Grayson lurched across the ruined room until he stood next to me.
Seeing his thunderous expression, the innkeeper tugged at his collar. “She’s just a shield.”
“Get out of my sight!” Grayson roared as his barely contained fury shimmered in the air. Grayson had reduced Haven to her job more times than I could count. But when the innkeeper said the same thing, he was ready to commit murder.
I melted the ice at the innkeeper’s ankles, and the man scurried away like a rat about to lose its tail to a hungry cat.
The urge to hunt him down and finish him clawed at my chest. He’d sold her as casually as a baker might sell a loaf of bread. I forced myself to take a steadying breath, to push down the darkness that wanted to follow him into whatever hole he’d crawled into.
“Where are Teal and Flynn?” Grayson demanded. I couldn’t help but think he meant the question as a distraction.
It worked. I put aside fantasies of peeling the skin from the innkeeper’s worthless body. “Asleep.”
“Wake them,” Grayson directed. “We ride out as soon as possible.”
“Are you sure that’s wise?” Haven frowned and shook her head, clearly displeased with his edict.
He turned on her. “You’re questioning me?”
“You nearly died. You need to rest.”
Watching her challenge Grayson—bloody, exhausted, yet still standing her ground—I found myself lost in admiration. She’d nearly died tonight, had saved Grayson’s life, and here she was still fighting. Still refusing to back down.
“More will come.” His gaze swept over the pile of bodies.
Planting her hands on her hips, she scowled at him. “You don’t know that.” Her defiance after everything she’d been through was magnificent. She was like a warrior queen of lore, and she called to emotions I’d kept buried for years.
Grayson, who wouldn’t recognize a warrior queen even if she stood over his prone body and defended him to the death, smoothed his face into its usual haughty expression, the one that seemed to annoy her the most. “I won’t take that risk.”
“We can defend a building.” Haven wasn’t done arguing. She crossed her arms over her chest. “On the road, we’ll be five tired travelers on four tired horses.”
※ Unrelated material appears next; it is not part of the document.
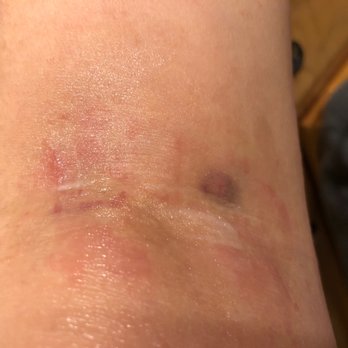 Labcorp - Butchered result from "simple" blood test! - Laboratory Testing Near Me - Freehold, New Jersey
“Pierce, get Flynn and Teal.”
Rather than do as he asked, I leaned against a miraculously clean bit of wall. “Haven makes a good point. We can stay till first light.”
Grayson swung his gaze to me. I’d known Grayson my whole life.
We were closer than blood, and I could read him, just as he could read me.
Right now, he was ready to explode—a calamitous combination of repressed emotion, unacknowledged lust, and guilt.
“Teal. Flynn. Now.” He spoke through gritted teeth.
With an apologetic glance at Haven, I went to rouse them.